Bad news travels very fast today, but I was surprised when, a few months ago, it appeared that a next of kin was notified of a casualty at 3 am. That was completely contrary to the casualty report system that I read in 1998, but the procedure has been updated. This had been made necessary by modern communications equipment, particularly the mobile phone and the internet. I know some casualty notification officers very well indeed. My information is that the casualty procedure system is fit for purpose, and that the Minister has no problems there.

However, Fiona Murphy's work uncovers an inexplicable and glaring failure. That is the apparent total lack of interest on the part of the commanding officers and other officers at Deepcut in the feelings of the families. It is no surprise that they began to suspect that something sinister may have happened. I certainly do not understand why each family was not invited to Deepcut at an early opportunity. I am sure that if the families had seen and sensed how upset the whole garrison would have been after each event, they might not so easily have become convinced that something had gone very wrong. I wish that Mr Blake had perhaps used his skill and looked a bit closer at why those visits did not occur. Perhaps somebody made a decision that the families were not to be invited to the garrison; perhaps orders were given that that could not happen.

Clearly, as we have all read in the report, something has gone very wrong. The report referred to sub-standard warrant officers who had been reduced to the rank. It stated that the Deepcut training regiment was, and perhaps still is, under-resourced in accommodation and manpower. We read about the lack of secure accommodation for female soldiers. Worst of all, we read about some—though they were only a minority—exceptionally poor-quality junior officers. I have never heard of an officer receiving a confidential report that was so damning. I think that the brigadier wrote, "I have absolutely no confidence in this officer at all". If I received a confidential report like that, I would say, "Well, boss, when do you want me to go?"

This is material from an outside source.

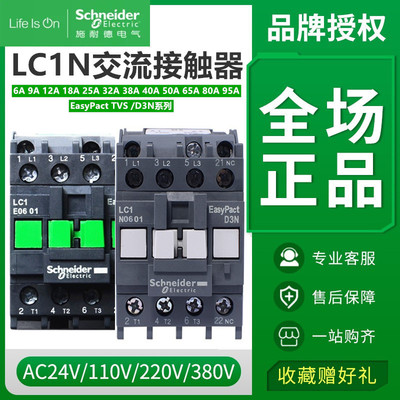 施耐德交流接触器LC1N06-N95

The other serious problem that was identified in the report was the very poor police investigation—the noble Viscount talked about that. In the early cases, the Surrey police and the Royal Military Police did not know who had primacy in the investigation. The noble Lord called for a public inquiry, but there is no further evidence to be gained because all the documents have been destroyed under routine processes. I am shocked by how little ballistic work was done on the early casualties.

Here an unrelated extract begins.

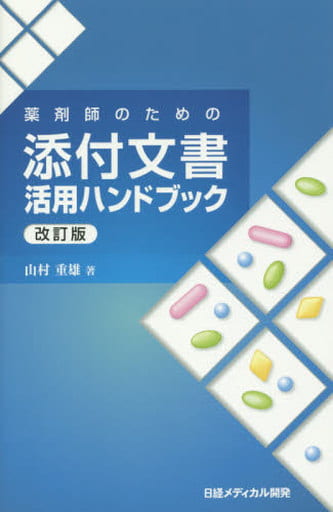 薬剤師のための 添付文書活用ハンドブック 改訂版 山村 重雄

The good news, if there is any, is that the report states quite clearly that all the deaths were self-inflicted and that bullying or anything worse was not a factor. However, there should not be a public inquiry for the reasons that Mr Blake so cogently laid out. Mr Blake made numerous recommendations, but I have not been able to give them direct attention because it is too early. However, your Lordships will shortly be working on the Armed Forces Bill. The Bill is highly desirable—we have been asking for it for many years. While it will certainly pass well before the State Opening, I know that many noble Lords will take a keen interest in it and that numerous amendments will certainly be derived from this report.

Those young soldiers will not have died in vain. We will not sweep under the carpet the problems identified in the report and I am sure that all involved, whether in this House or in the Armed Forces, will do everything they can to eliminate or at least reduce this dreadful problem.